Ein Unrecht rechtfertigt nicht das Andere. Wir haben rechtsstaatliche Verhältnisse. Und die gelten in westlich geprägten Staatsordnungen für alle gleichermassen. Auch – für Israel.
Das grosse Leid, das Deutschland dem jüdischen Volk im Zweiten Weltkrieg zugefügt hat, ist beispiellos und unentschuldbar. Und der fürchterliche Terroranschlag der Hamas am 7. Oktober 2023 in Israel mit weit über 1000 unschuldigen Opfern hat die Welt zu Recht zutiefst erschüttert. Israel und die Weltgemeinschaft sind aufgefordert, dieses grauenhafte Verbrechen zu ahnden und die Verantwortlichen vor Gericht zu stellen.

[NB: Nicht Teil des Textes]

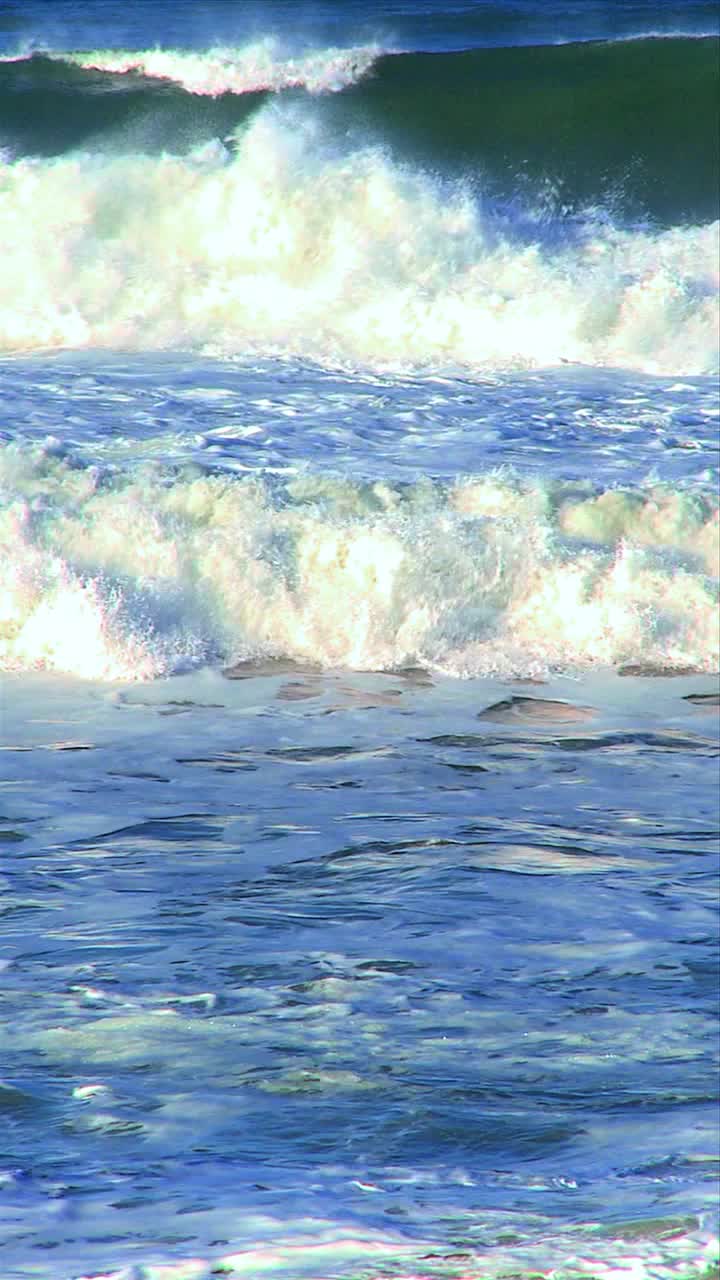 垂直冲浪海浪视频素材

Denn bei allem Leid müssen die rechtsstaatlichen Grundsätze eingehalten
werden. Und die besagen, dass wir auch jemanden, der uns Tod und Schmerz
gebracht hat, vor Gericht bringen und verurteilen müssen. Niemand darf sich
ausserhalb dieser Grundsätze stellen und Selbstjustiz üben. Genau das tut
Israel. Israel hat über die Hamas kollektiv das Todesurteil verhängt. Ohne Gerichtsverhandlung. Und ohne Richterspruch. Ein absolut unmöglicher Vorgang.
Selbstjustiz ist kein Mittel unserer Rechtsstaatlichkeit. Das gilt auch für das jüdische Volk.
Das gilt – für uns alle.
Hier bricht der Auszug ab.